Palavra Dilacerada

| 15 de mai. de 2009
"Quando me sento para escrever, desde menino até hoje, sou um pricipiante. Vou escrever alguma coisa que não sei o que seja, justamente para ficar sabendo. E que só eu posso me dizer, mais ninguém. Por isso às vezes passo horas, dias à procura da palavra adequada ou do encadeamento de uma frase. Não quero repetir coisas já ditas, inclusive por mim, o que infelizmente às vezes acontece. Para isso tenho de desaprender o que aprendi, me desvencilhar dos preconceitos, me livrar das hipocrisias, das idéias que me foram impostas, de tudo enfim que possa tolher a minha liberdade de expressão.
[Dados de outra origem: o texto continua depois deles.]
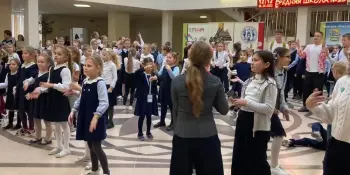 Флешмоб в рамках декады по профилактике табакокурения и алкоголизма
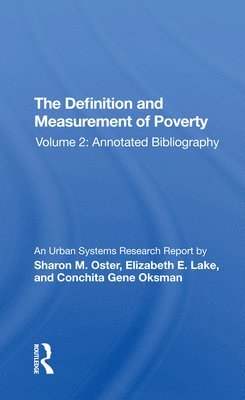 bokomslag The Definition and Measurement of Poverty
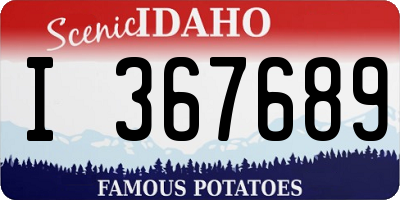 ID license plate I367689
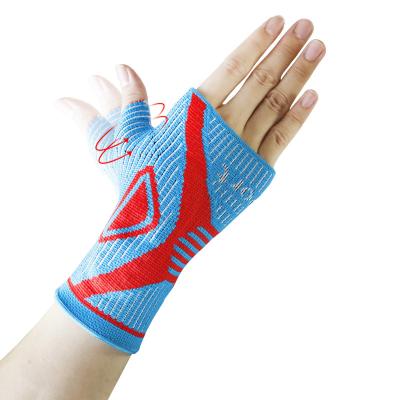 China Hot Selling Compression Sports Pad Performance Support Elastic Palm Support Wrist Brace With Silicone for sale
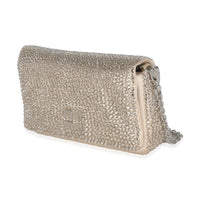 Beige Raso Starlight Crystal Bag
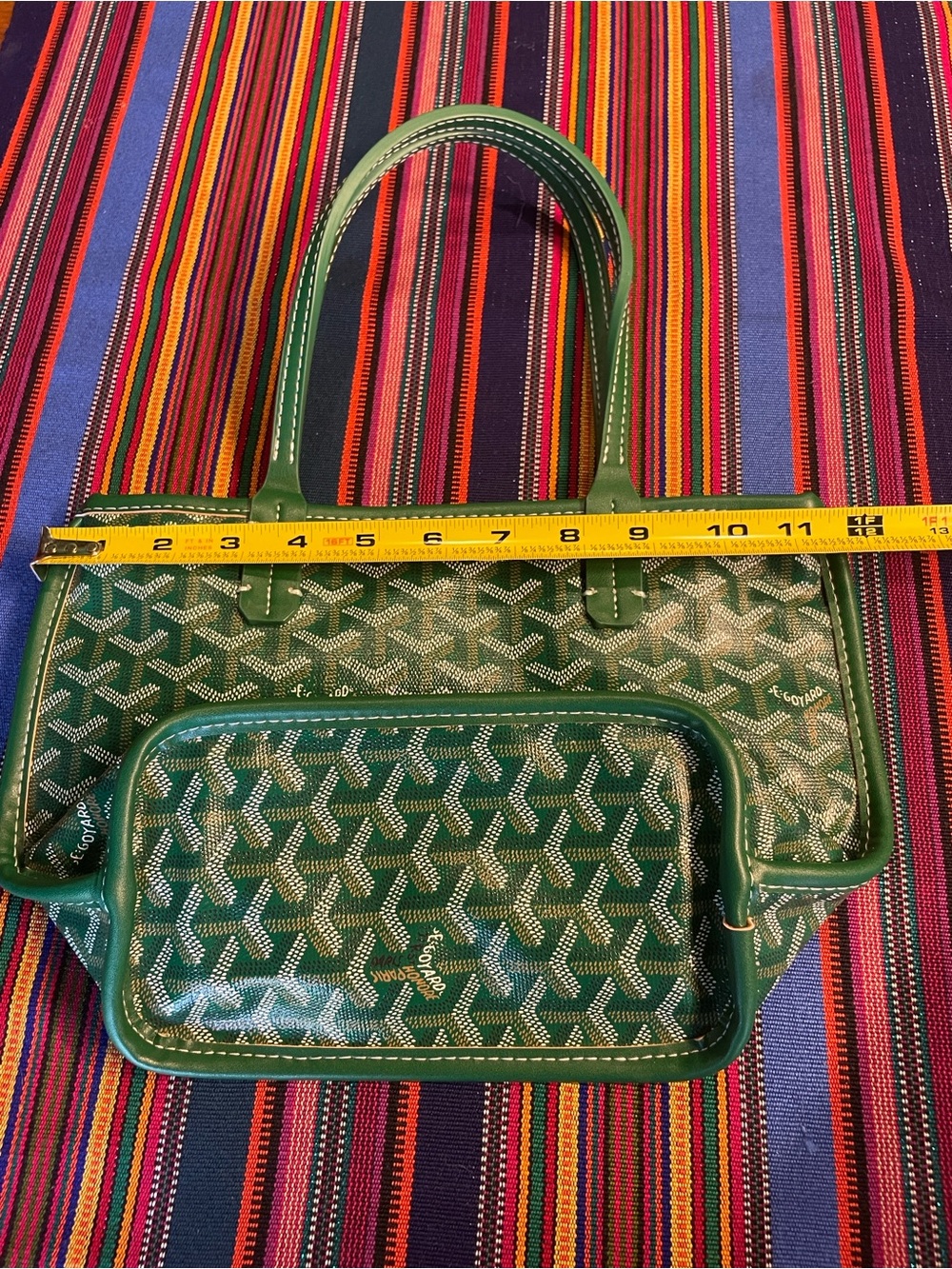Green Mini Anjou Dupe Tote - Picture 9 of 11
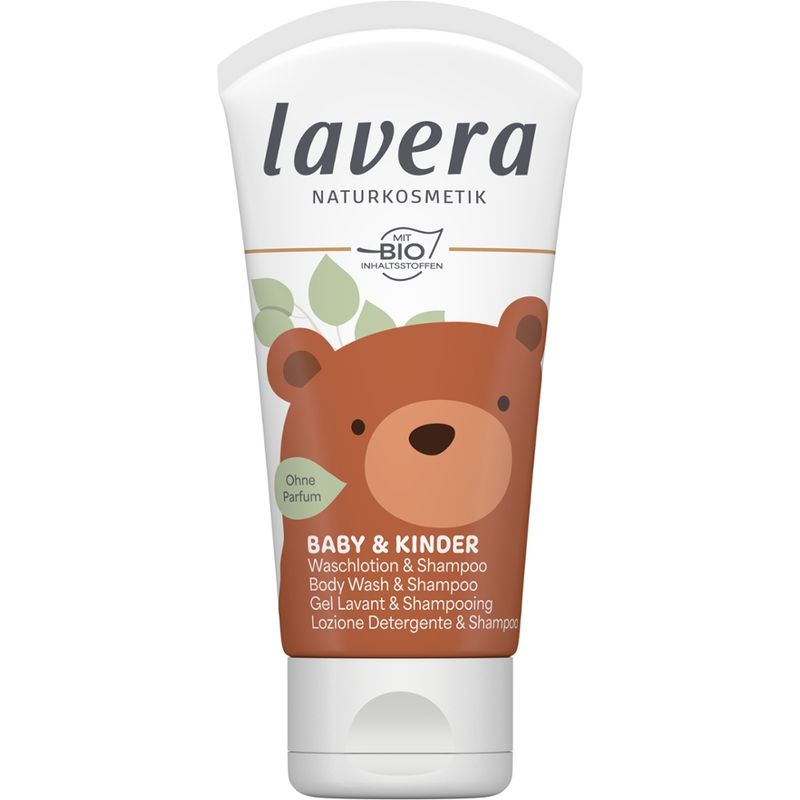 lavera PROBIERGRÖßE BABY & KINDER WASCHLOTION & SHAMPOO - Produktbild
O que há de mais árduo para mim, ao escrever, é a busca da expressão adequada, são as exigências da propriedade vocabular. Há mil maneiras de dizer uma coisa e só uma é perfeita. Para descobri-la, pode-se levar a vida inteira. Acredito que escrever seja, basicamente, cortar. Cortar o supérfluo. Eliminar repetições, ecos, rimas, cacófatos, redundâncias, lugares-comuns. Mas principalmente o excesso: como disse Unamuno (ou Otto Lara Resende, não me lembro), é preciso não duvidar da inteligência do leitor. Tenho a impressão de que, ou bem este me valoriza muito, ou passaria a encarar a minha literatura com o maior desprezo, se soubesse o que ela me custa: aquilo que ele levou alguns minutos para ler levei dias, meses, às vezes anos para escrever. Tenho dificuldade para redigir até um cartão de agradecimento ou um telegrama de pêsames.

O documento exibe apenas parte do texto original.